**WHAT THIS TASK INVOLVES**
Transcribe the data below exactly, but only from the line containing "Sport Hotel Pomi-2" through its final line, both included.

Start of PROVIDED DATA

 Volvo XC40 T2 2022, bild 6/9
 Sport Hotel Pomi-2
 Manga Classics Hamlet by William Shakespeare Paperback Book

End of PROVIDED DATA

**WRITTEN ANSWER**
 Sport Hotel Pomi-2
 Manga Classics Hamlet by William Shakespeare Paperback Book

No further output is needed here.